Denn es sind nur 8 Schlafplätze vorhanden. Die Lotsenkoje, die von der Werft an
Steuerbord vorgesehen war, musste dem Stauraum und vor allem der Waschmaschine
weichen.
Vorteilhaft bei der Anordnung der
"Sitzgruppe" ist die unmittelbare Nähe zur Pantry, von der die Teller rüber
gereicht werden können. Der
Tisch ist - selbstverständlich - nicht kardanisch, was bei einem Katamaran
wirklich überflüssig ist. Zu diesem Ergebnis komme ich nach mehreren
Jahrzehnten hervorragenden Erfahrungen mit Schwingtischen.
Auch
hier hat es sich herausgestellt, dass es ein Fehler war, die Batylen-Blenden
für die großen Salon-Scheiben in Rot zu bestellen (was allerdings von mir ein
Versehen war). In der heißen Türkei war der Salon ohne Ventilator praktisch nicht bewohnbar,
worunter wir wegen des sonstigen Platzangebots auf dem Kat nicht gelitten haben. Das
änderte sich schlagartig, als wir von einem geschickten türkischen Segelmacher
die Blenden in weißem Markisenstoff fertigen ließen.
Ob
der Steuerbordrumpf oder der Rumpf an Backbord besichtigt wird, ist unerheblich,
denn im wesentlichen gleichen sich die beiden spiegelbildlich. An Backbord, und
damit in Pantrynähe sind die Kühlschränke und vorne das Werkzeug
untergebracht.
An
Steuerbord geht es über eine Treppe in den Steuerbord-Rumpf, in dem eine
Achterkabine, eine Mittelkabine, vorne der Werkzeugraum und mittschiffs eine
Nasszelle untergebracht sind. Die Stehhöhe
beträgt übrigens auch in den Rümpfen durchwegs fast zwei Meter. Unter der
Treppe befindet sich eine der beiden Luken, die einen Not-Ausstieg,
beziehungsweise einen Not-Einstig gewährleisten sollen. Doch darüber haben wir
uns noch nie ernsthafte Gedanken gemacht. Ein Privilege-Eigner, dessen Hobby die
Fischerei ist, frönte durch diese geöffnete Luke seinem Steckenpferd.

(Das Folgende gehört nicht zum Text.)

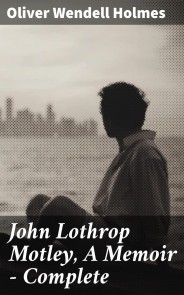 John Lothrop Motley, A Memoir - Complete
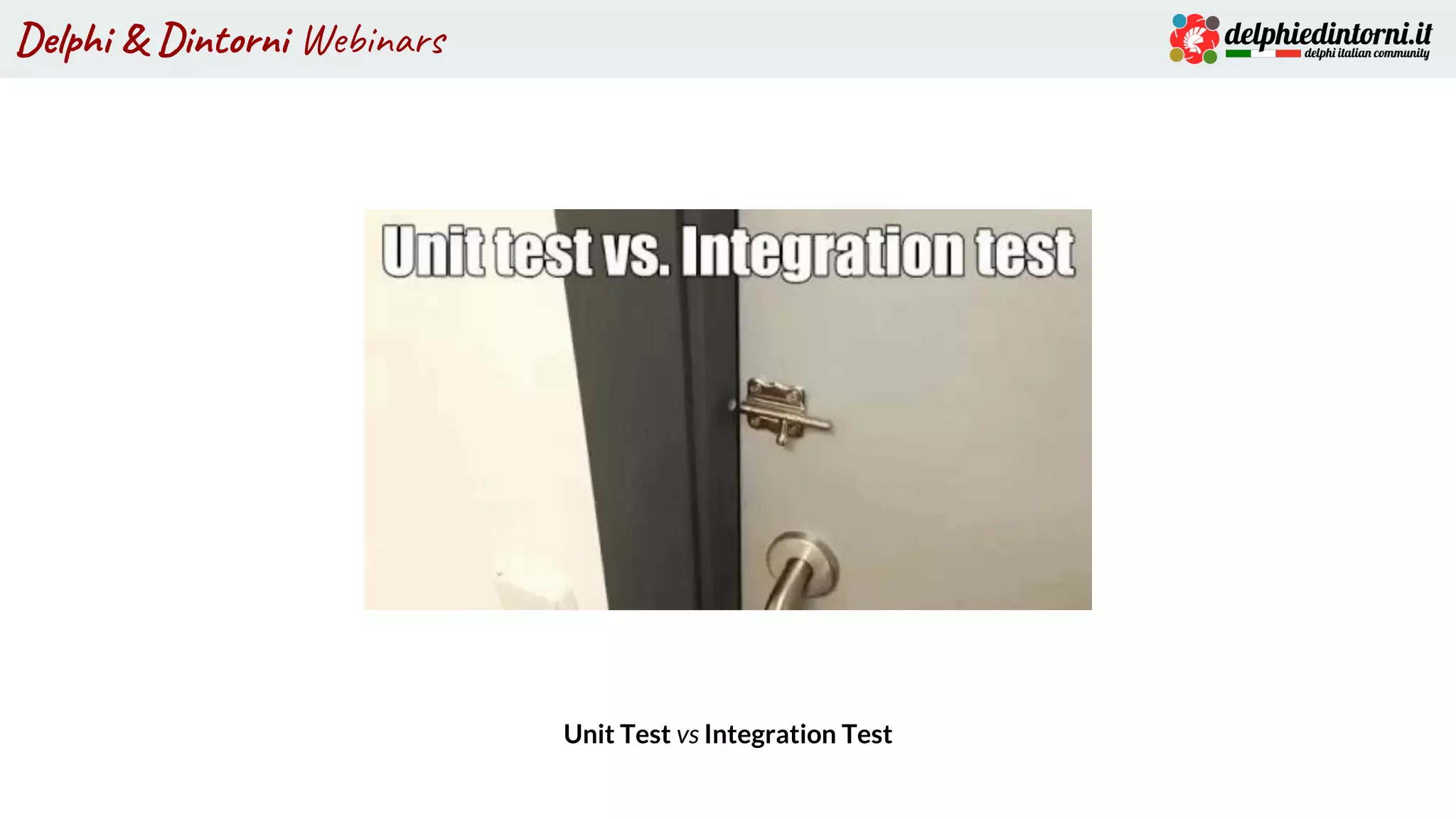 Delphi & Dintorni Webinars
Unit Test vs Integration Test
 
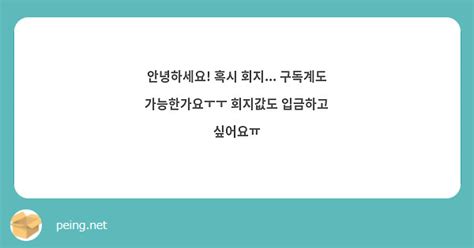 안녕하세요 혹시 회지 구독계도 가능한가요ㅜㅜ 회지값도 입금하고 싶어요ㅠ Peing 質問箱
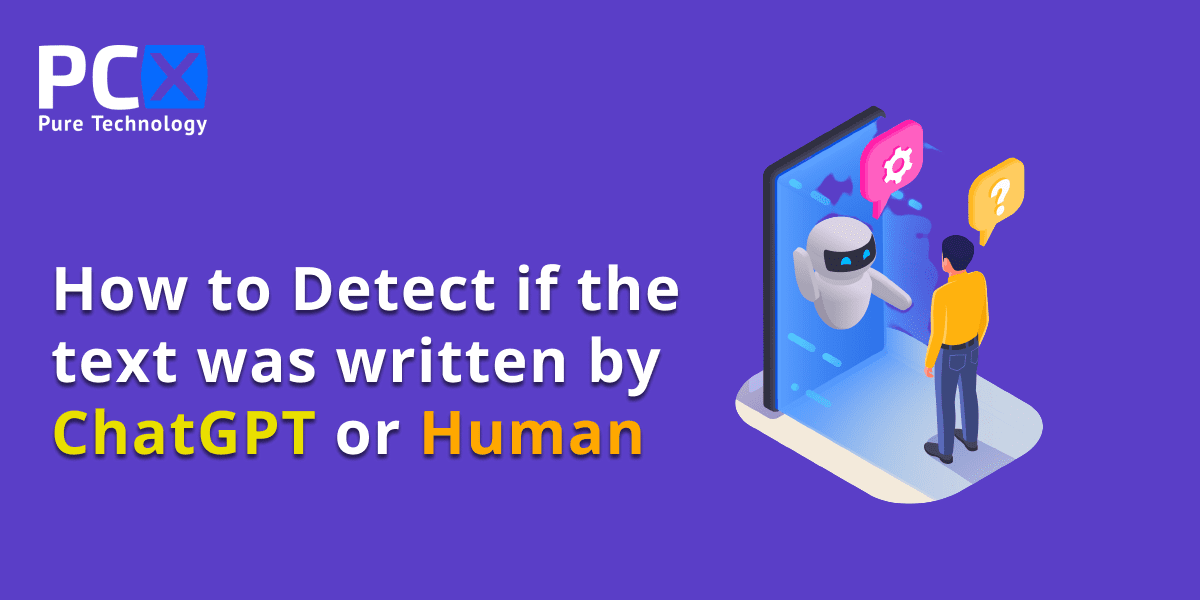 How to detect if the text was written by ChatGPT or by a human?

"Ein Wohnzimmer zum Angeln - das war immer schon mein Traum ", meinte
er.
Die
Achterkabine bietet Platz für zwei Personen, die schon an die zwei Meter lang
sein dürfen. Kojenbretter oder Lee-Segel braucht es auch hier nicht, denn Lage
schiebt ein Kat nun mal nicht. Noch nie haben wir Schiffsbewegungen erlebt, die
einen Schlafenden umherrollen lassen hätten. In der abgeschlossenen Kabine
gibt
es einen Kleiderschrank - und das ist doch bemerkenswert - mit fast zwei
Metern Höhe Innenraum. Ob man in der Achterkabine oder mittschiffs besser
schläft, ist unter Carla und mir umstritten. Leiser ist die Achterkabine, weil
man hier im Rumpf - und nicht zwischen Rümpfen über den gischtigen Seen ruht.
Er
ist sogar dann leiser, wenn die Maschine, direkt unter den Betten, läuft. Sind
Carla und ich alleine an Bord, läuft bei Flaute die gegenüberliegende Maschine
allein, die bei weniger als 2000 RPM auch fünf Knoten bringt, während es bei
beiden Maschinen und gleicher Drehzahl 6 Knoten sind - bei doppeltem Verbrauch.
Die
Maschinen sind von außen, vom Heck her über eine Leiter erreichbar - und über
die Achterkabinen. Ein große schallisolierte Luke öffnet den Zugang zu der
40-PS-Maschine. Mit Vollgas erreicht die THALASSA übrigens 9,5 Knoten. Die
Maschinen sind in zweiter Linie als Stromerzeuger konzipiert, und zwar mit einer
60-Ampere-Lichtmaschine und einer 140-Ampere-Lichtmaschine. Als Generator-Ersatz
sozusagen. Allerdings mussten sie in dieser Eigenschaft selbst bei monatelangem
Aufenthalt am Ankerplatz bis jetzt nicht ein einziges Mal dienen, die Solarzellen sorgten dafür.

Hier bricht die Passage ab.